Güzel bir haber, candan uzanan bir el, kol kanat geren yaklaşımlar, gönlümüzü alan bir çift söz unutturabilir yorgunluğumuzu, hatta yorgunluktan eser kalmaz hiçbirimizde…
Yorgun değil, kırgınım, bazı yerlere de dargınım diyenlerimiz dahi sürdürmez o halini…
İnsanımız, anlamak isteyene, dinlemek isteyene aslında, pek bir güzel konuşur…
Etme der!
Yapma der!
Üzme beni der!
Anla beni der!
İstersen, varma bu kadar üzerime der!
Yorma beni der!
Barış gibi, hoş görü gibi, anlayış gibi, tatlı dil gibi hiç kimseyi yormayan, üzmeyen, kırmayan, incitmeyen bir dizi güzel hasletimiz var.
Bu hasletler ilaç gibi gelir yorgunluk denen kavrama!
*****
Birbirimizi daha fazla yormanın bir alemi var mı?
İnanın yok!
Madem yok, rahmetli Neşet Ertaş’ın dediği gibi, tatlı dilli, güler yüzlü olundu mu bitiverir yorgunluklar, geçiverir kırgınlıklar.

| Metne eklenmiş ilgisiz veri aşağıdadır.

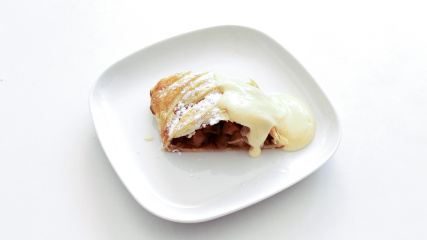 Tyrol apple strudel with macadamia nut oil custard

Yunusun dediği gibi, “Sevelim sevilelim dünya kimseye kalmaz” düsturunda birleşiverir herkes!
Hz. Mevlânâ’nın dediği gibi, “Garezler dostluğu karartır; ne diye gönülden söküp atmayız, sürüp çıkarmayız garezleri? Kul hüvallah’ları, Kul eûzü’leri ne diye birbirimize okuyup üflemeyiz?